Many years ago, I stood in line just so I could meet Lauren Bacall and have her sign my copy of her then newly-released memoir. She was as breathtaking and captivating as she was on the Silver Screen. What a woman!

Many years ago, I stood in line just so I could meet Lauren Bacall and have her sign my copy of her then newly-released memoir. She was as breathtaking and captivating as she was on the Silver Screen. What a woman!

 

This year we lost some fine talent who will be greatly missed. Which is why I’ve gathered some of them here for one final exchange of ideas or, as I prefer to call it, a meeting of the tangledminds (Thanks, Steve Allen, for the idea!). So here they are, in their own words. First up, Lauren Bacall.

 

MTW (Monica’s Tangled Web): Hi Betty! Okay if I call you by your real name?

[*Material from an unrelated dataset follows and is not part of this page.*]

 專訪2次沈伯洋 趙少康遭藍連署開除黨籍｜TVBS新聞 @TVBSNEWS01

Bacall: You know you don’t have to act with me, Steve. You don’t have to say anything and you don’t have to do anything. Not a thing. Oh, maybe just whistle. You know how to whistle, don’t you, Steve? You just put your lips together and blow.

MTW: Actually, I can’t whistle to save my life–or yours, for that matter–but I do get your point. I won’t call you Betty, you don’t call me Steve, and nobody whistles. Agreed? Now tell me, what it’s like being a legend?

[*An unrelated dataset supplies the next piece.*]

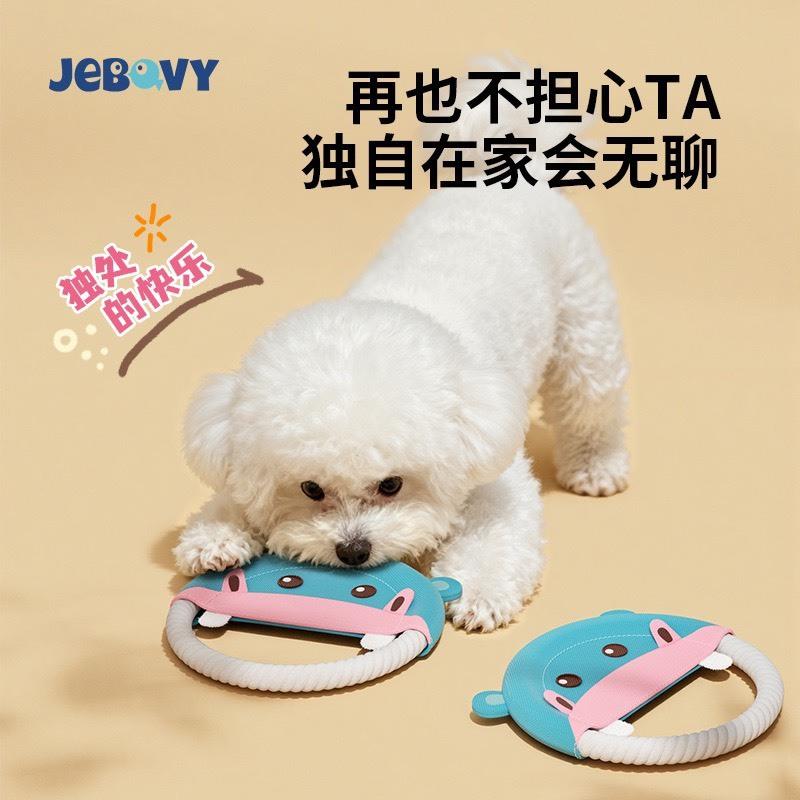 現貨 狗狗咬繩編織飛盤 毛絨發聲玩具 飛盤玩具互動耐咬寵物訓練玩具 訓練狗狗專用中大型犬玩具-細節圖4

Bacall: No, I don’t like legend. I mean, I don’t like the category. And to begin with, to me, a legend is something that is not on the earth—that is dead.

MTW: Ahem, Miss Bacall, I’m normally not one to address the elephant in the room, but by your own definition, well, you are, shall we say, deceased? Boy, this is awkward. Let’s change the subject, shall we? Lets see what James Garner has to say about his nice-guy reputation.

Garner:   I’ve had to work hard at that easy-going manner you see on screen.

MTW: Really? Because you do it with such ease and certainly had me fooled. Wouldn’t you agree, Miss Bacall?

Bacall: He felt that Lauren Bacall was better sounding than Betty Bacall. He had a vision of his own. He was a Svengali. He wanted to mold me. He wanted to control me! And he did until Mr. Bogart got involved.

MTW: Enough with the names already, Miss Bacall! We get it. You don’t want to be called Betty, but I don’t think Mr. Garner is trying to mold you. Right, Mr. Garner?

Garner: I called the chief and asked if I need to be concerned about this.

MTW: The chief? Not sure who you’re referring to, but you certainly don’t need to be concerned about Miss Bacall obsession with her name. Heaven’s no! Now, let’s see if Maya Angelou has anything to say about all this brouhaha. Here she comes now.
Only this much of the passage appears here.